» **WORK TO BE COMPLETED**
Could you output each line below precisely as it stands, without the images?

» **INFORMATION PROVIDED**
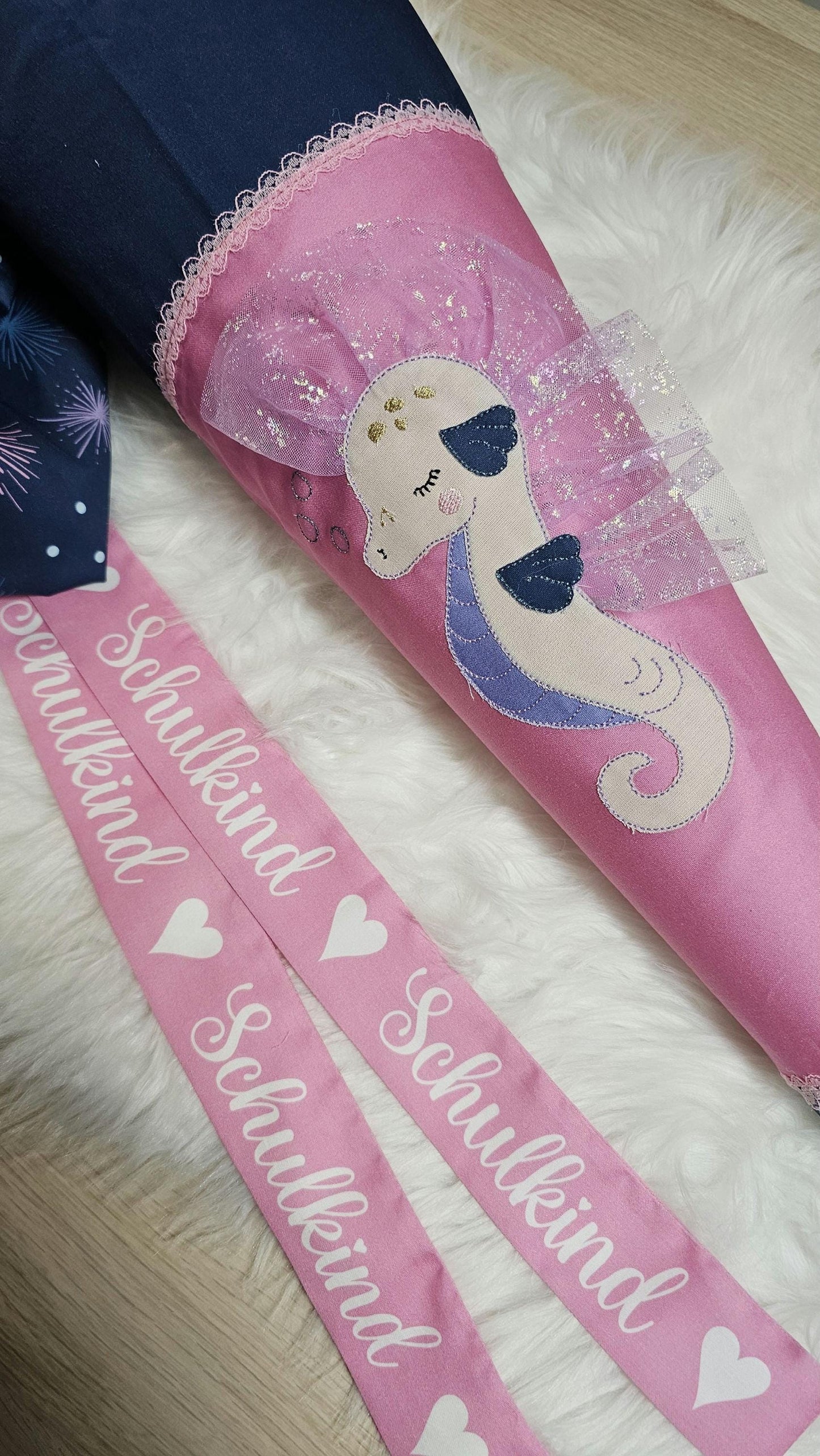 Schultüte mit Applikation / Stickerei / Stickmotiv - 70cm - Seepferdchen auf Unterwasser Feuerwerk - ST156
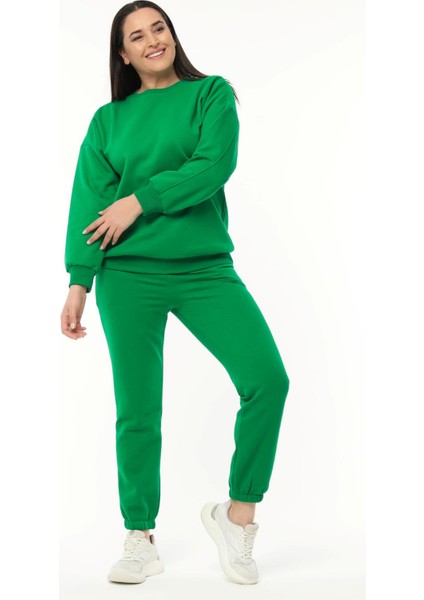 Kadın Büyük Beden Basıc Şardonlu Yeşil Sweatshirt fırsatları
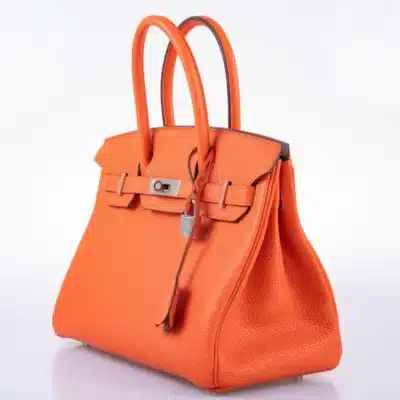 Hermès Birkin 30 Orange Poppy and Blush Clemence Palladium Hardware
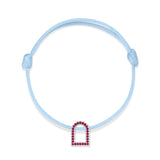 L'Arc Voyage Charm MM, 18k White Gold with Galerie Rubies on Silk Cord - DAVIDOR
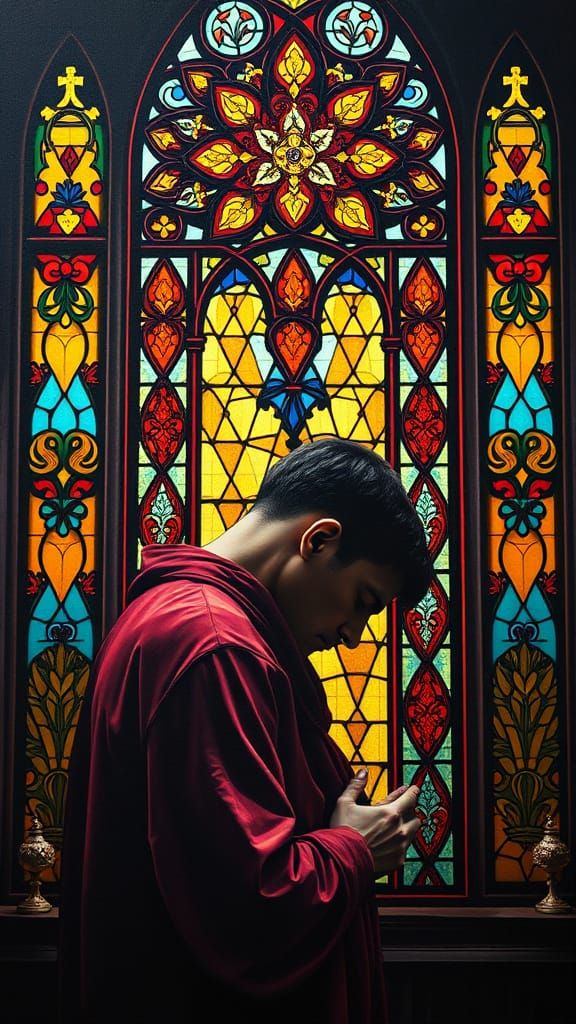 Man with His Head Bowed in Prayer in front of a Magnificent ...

» **EXPECTED OUTPUT**
 Schultüte mit Applikation / Stickerei / Stickmotiv - 70cm - Seepferdchen auf Unterwasser Feuerwerk - ST156
 Kadın Büyük Beden Basıc Şardonlu Yeşil Sweatshirt fırsatları
 Hermès Birkin 30 Orange Poppy and Blush Clemence Palladium Hardware
 L'Arc Voyage Charm MM, 18k White Gold with Galerie Rubies on Silk Cord - DAVIDOR
 Man with His Head Bowed in Prayer in front of a Magnificent ...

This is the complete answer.